Repair and maintenance obligations are split between unit owners and the condominium corporation. The Condominium Act requires the corporation to maintain and repair the common elements. In general, unit owners are responsible for repairs to their own units and for damage they cause to the common elements. What happens, however, when you cannot be sure where the damage started? The discovery of mould in a unit is a situation that often presents these problems.
The source and cause of mould can be difficult to pin down. The environment, the building design, and the unit owner’s behaviour all play roles in the growth and spread of mould. Mould develops over a period of many years. These different factors make attributing responsibility for the damage particularly difficult, which often leads to litigation.

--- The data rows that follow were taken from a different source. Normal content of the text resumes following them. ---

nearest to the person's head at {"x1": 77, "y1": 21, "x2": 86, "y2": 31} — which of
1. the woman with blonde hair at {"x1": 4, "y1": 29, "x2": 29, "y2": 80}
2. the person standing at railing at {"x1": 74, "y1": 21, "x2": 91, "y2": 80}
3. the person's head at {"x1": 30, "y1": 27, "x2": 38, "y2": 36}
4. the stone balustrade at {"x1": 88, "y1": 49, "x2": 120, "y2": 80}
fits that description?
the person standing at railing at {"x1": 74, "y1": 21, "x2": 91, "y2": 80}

If you are faced with a mould situation and worried about litigation, the following factors will be useful to determine who is responsible:
1. Expert Inspections
Because of the complexity in determining the cause of mould, courts will rely on the opinions of qualitied and experienced professionals. An in-depth opinion by an experienced expert is the strongest tool in attributing blame for mould.
2. Reasonable Behaviour
In assigning responsibility, courts will look at the reasonableness of an occupant’s behaviour. While the behaviour may be partially responsible for mould, courts will not require extreme, costly, or other exceptional measures that would impinge upon normal daily activities. For instance, while keeping windows open might reduce moisture levels, occupants cannot reasonably be expected to do so during harsh Canadian winters.
3. Presence of Mould in Other Units
Another major factor will be whether mould is present in other units. The presence of mould in similar condominium units and in similar locations suggests that the cause is not attributable to unreasonable lifestyle choices.
Brasseur v York
In Brasseur v York, 2019 ONSC 4043, a unit owner sued the condominium corporation for its conduct in remedying mould in their condominium. The unit owner argued that the mould was caused by issues relating to the common elements. The corporation said it was not responsible because it was the owner’s lifestyle choices that caused the mould.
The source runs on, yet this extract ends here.